A faithful copy of the listing below is needed, one that contains no pictures.

↓↓↓

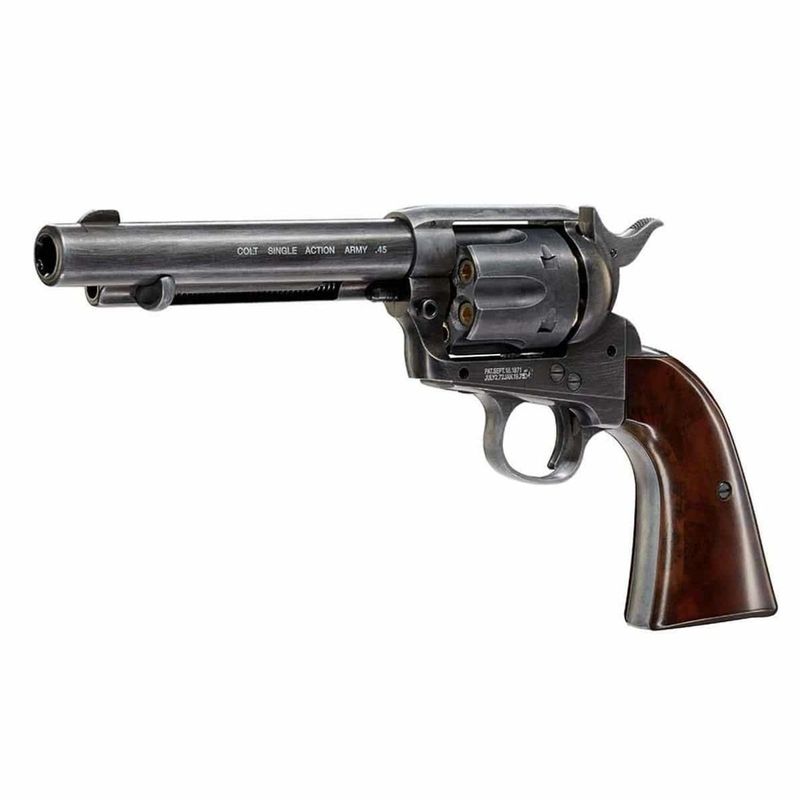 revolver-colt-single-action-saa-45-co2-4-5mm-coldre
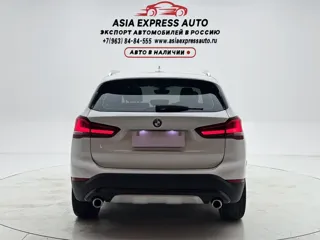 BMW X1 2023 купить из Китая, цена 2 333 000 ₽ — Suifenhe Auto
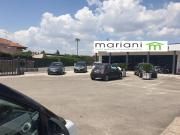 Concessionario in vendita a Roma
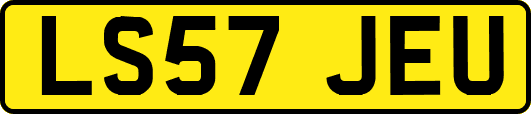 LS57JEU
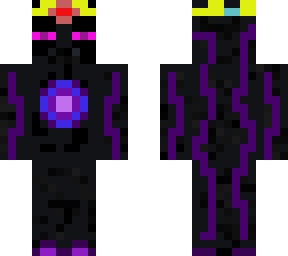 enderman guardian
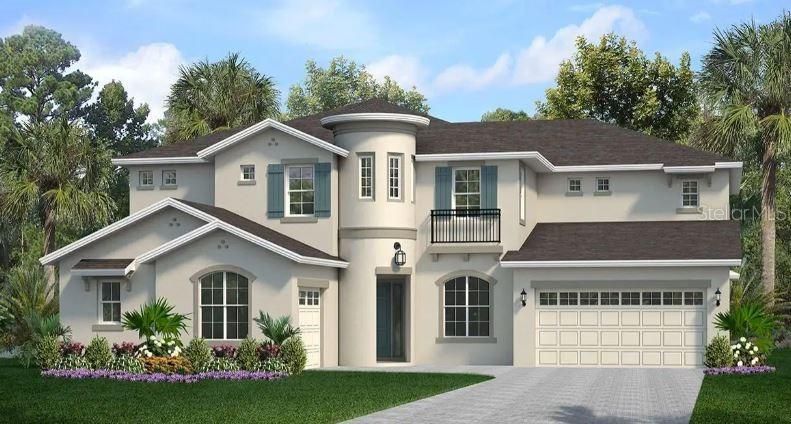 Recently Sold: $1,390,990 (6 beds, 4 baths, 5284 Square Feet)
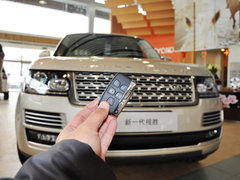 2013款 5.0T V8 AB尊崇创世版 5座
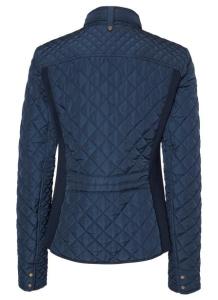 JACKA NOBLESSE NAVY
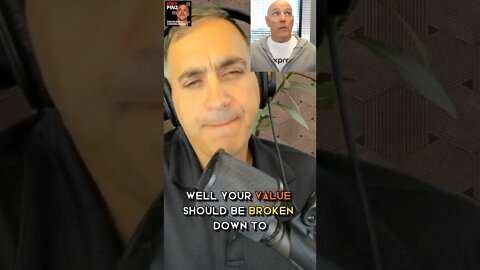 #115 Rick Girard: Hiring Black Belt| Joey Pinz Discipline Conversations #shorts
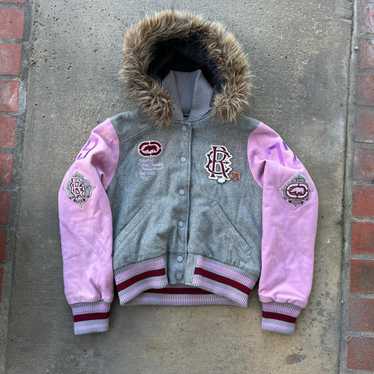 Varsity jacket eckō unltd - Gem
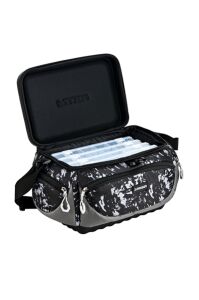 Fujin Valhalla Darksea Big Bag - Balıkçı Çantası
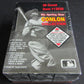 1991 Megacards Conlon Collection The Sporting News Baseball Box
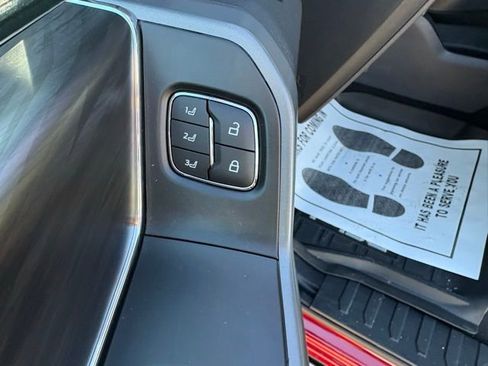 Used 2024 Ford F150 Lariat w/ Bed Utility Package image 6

↑↑↑

(Response to this task):
 revolver-colt-single-action-saa-45-co2-4-5mm-coldre
 BMW X1 2023 купить из Китая, цена 2 333 000 ₽ — Suifenhe Auto
 Concessionario in vendita a Roma
 LS57JEU
 enderman guardian
 Recently Sold: $1,390,990 (6 beds, 4 baths, 5284 Square Feet)
 2013款 5.0T V8 AB尊崇创世版 5座
 JACKA NOBLESSE NAVY
 #115 Rick Girard: Hiring Black Belt| Joey Pinz Discipline Conversations #shorts
 Varsity jacket eckō unltd - Gem
 Fujin Valhalla Darksea Big Bag - Balıkçı Çantası
 1991 Megacards Conlon Collection The Sporting News Baseball Box
 Used 2024 Ford F150 Lariat w/ Bed Utility Package image 6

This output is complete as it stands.